TASK STATEMENT: Whenever a line in the records below holds the string "that", copy it out.

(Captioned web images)
- - - - - - -

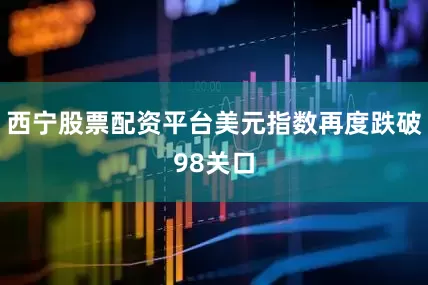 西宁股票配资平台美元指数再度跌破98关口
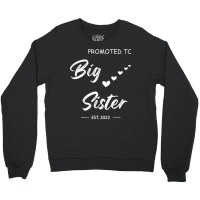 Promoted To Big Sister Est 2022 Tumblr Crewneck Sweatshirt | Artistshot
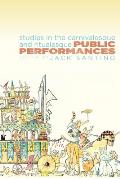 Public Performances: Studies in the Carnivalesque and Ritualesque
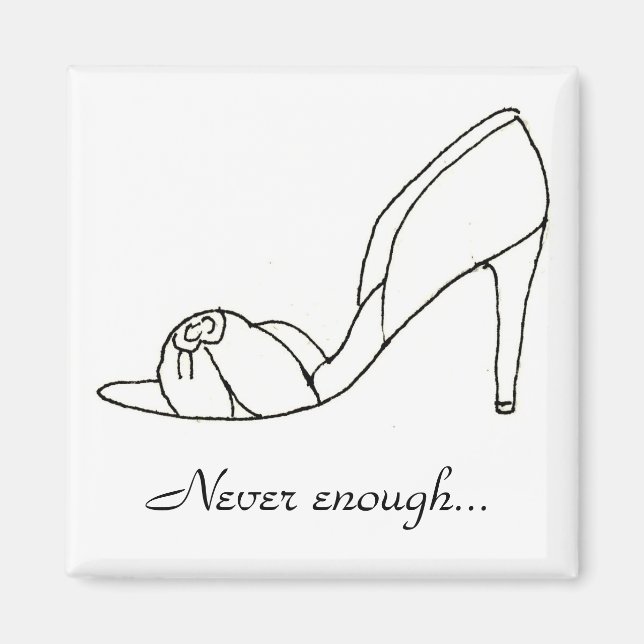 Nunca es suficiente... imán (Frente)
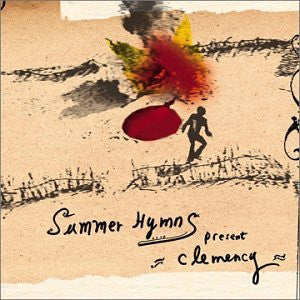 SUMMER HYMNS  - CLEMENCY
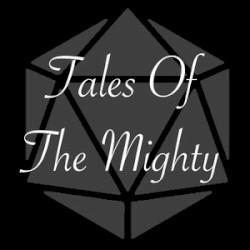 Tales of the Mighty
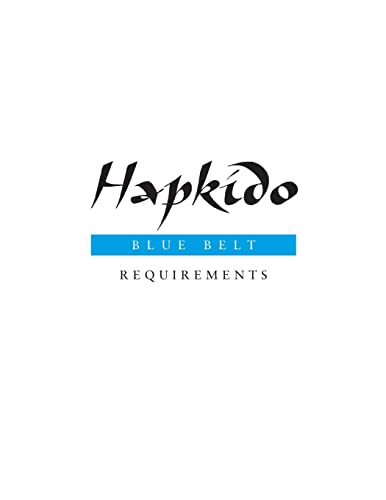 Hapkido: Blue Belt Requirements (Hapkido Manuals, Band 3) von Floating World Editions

- - - - - - -

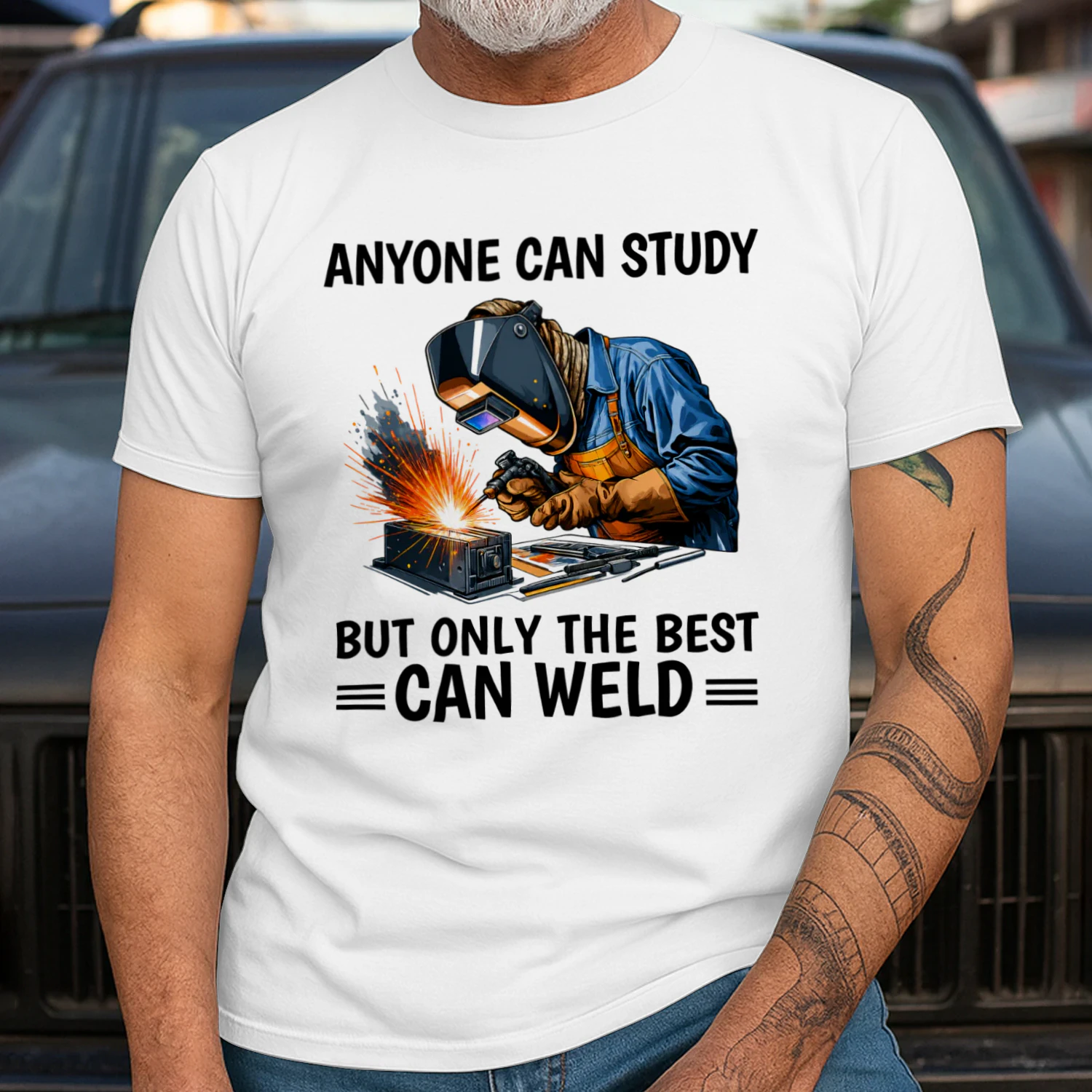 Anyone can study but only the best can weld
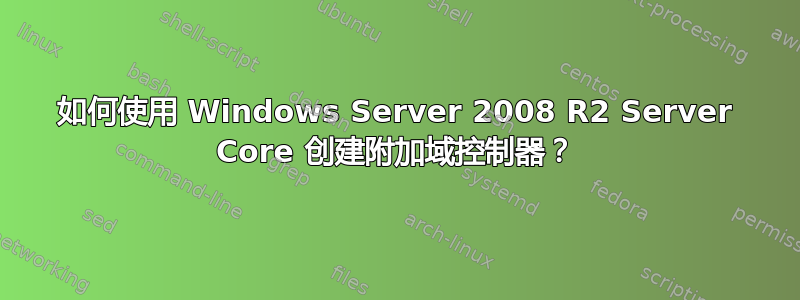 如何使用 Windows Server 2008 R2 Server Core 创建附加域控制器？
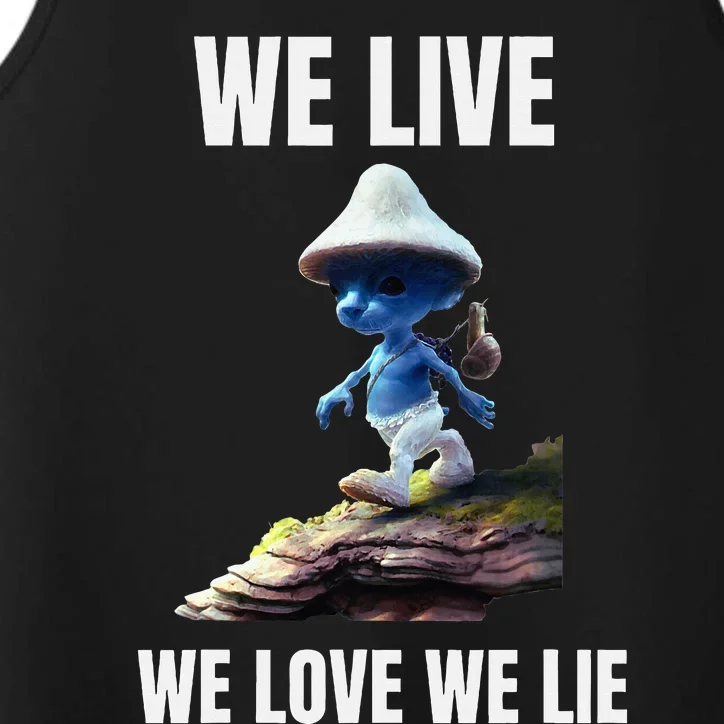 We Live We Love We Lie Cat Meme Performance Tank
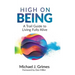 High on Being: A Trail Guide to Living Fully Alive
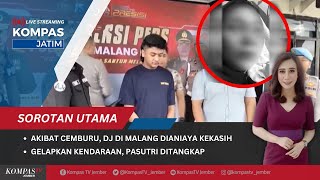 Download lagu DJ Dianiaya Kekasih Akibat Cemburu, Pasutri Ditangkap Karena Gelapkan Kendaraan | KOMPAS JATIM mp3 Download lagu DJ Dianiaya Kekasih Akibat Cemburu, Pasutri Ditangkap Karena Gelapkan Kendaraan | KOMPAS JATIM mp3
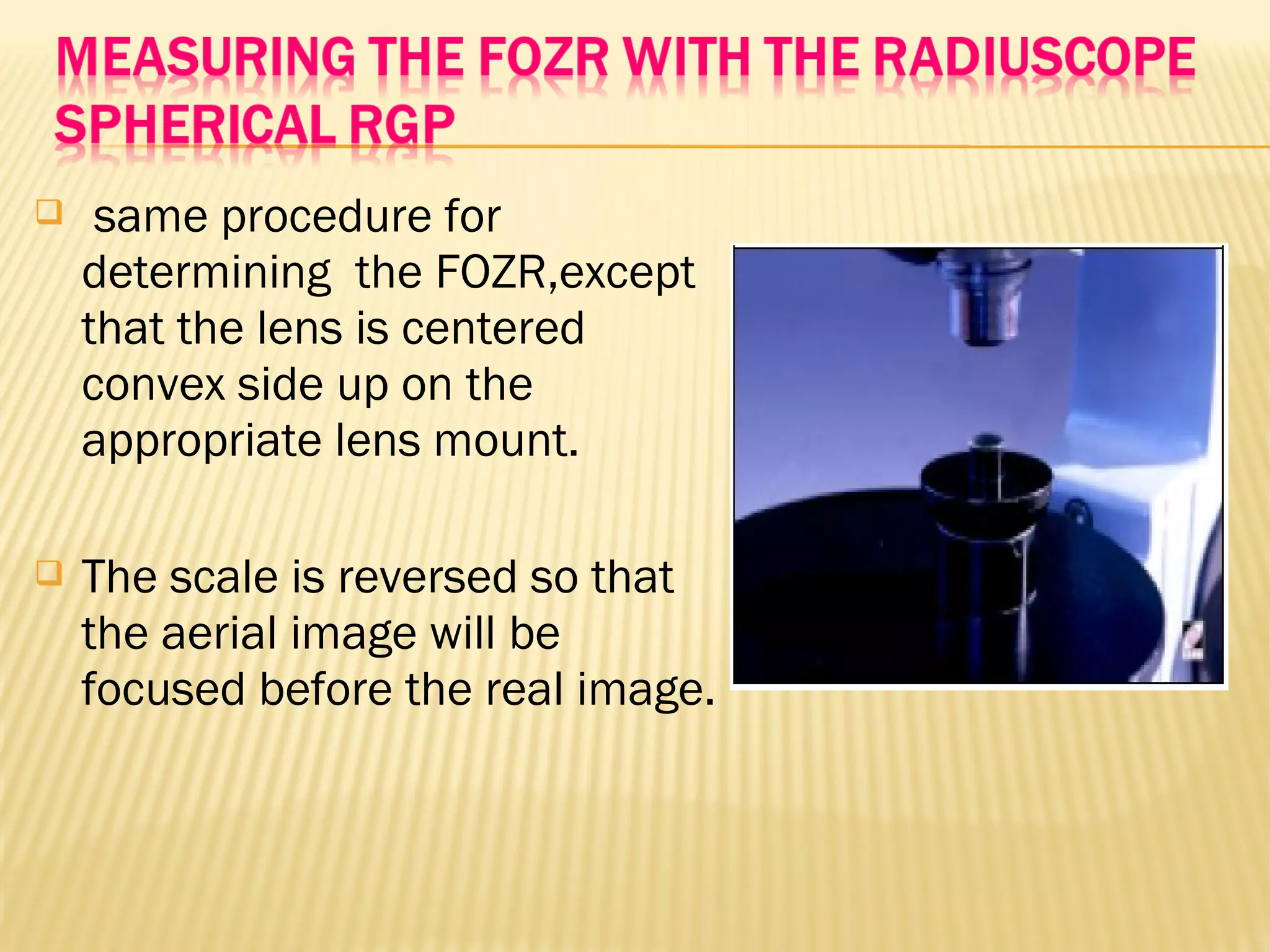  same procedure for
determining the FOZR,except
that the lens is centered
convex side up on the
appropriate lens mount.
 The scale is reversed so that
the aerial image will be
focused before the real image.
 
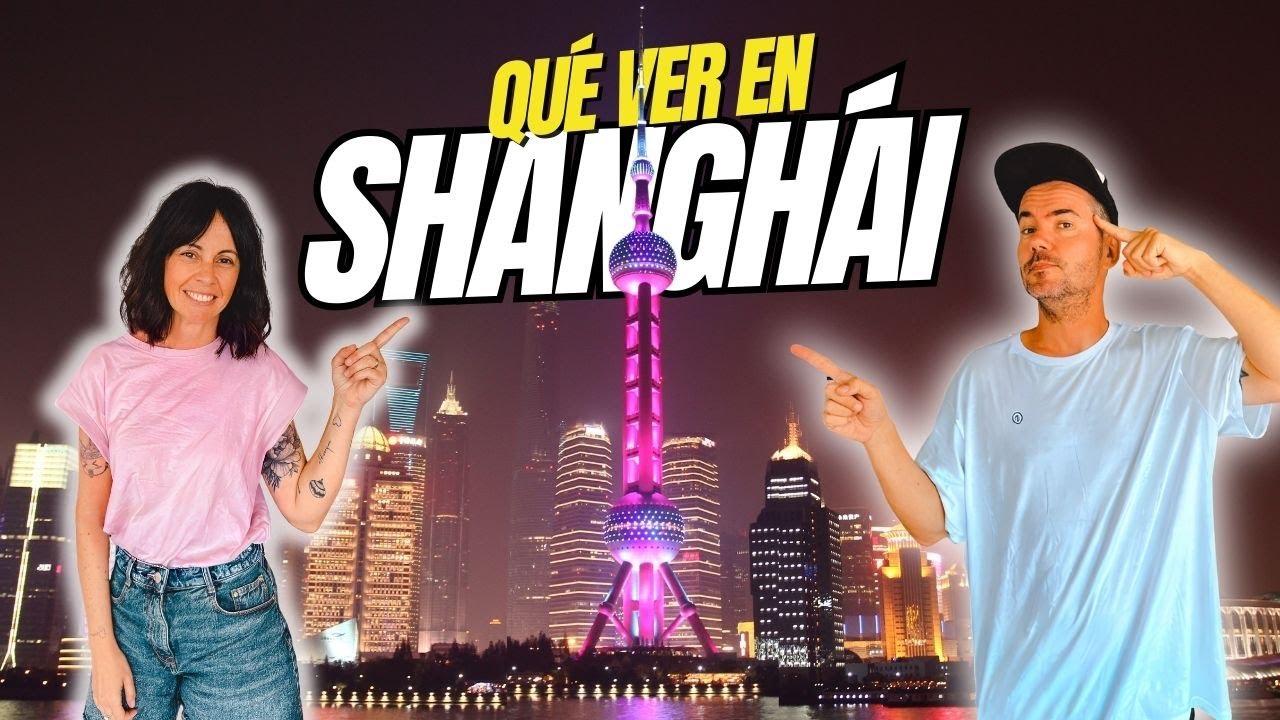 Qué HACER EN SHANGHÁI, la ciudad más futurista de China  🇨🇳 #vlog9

- - - - - - -

PROBLEM SOLUTION:
that the lens is centered
 The scale is reversed so that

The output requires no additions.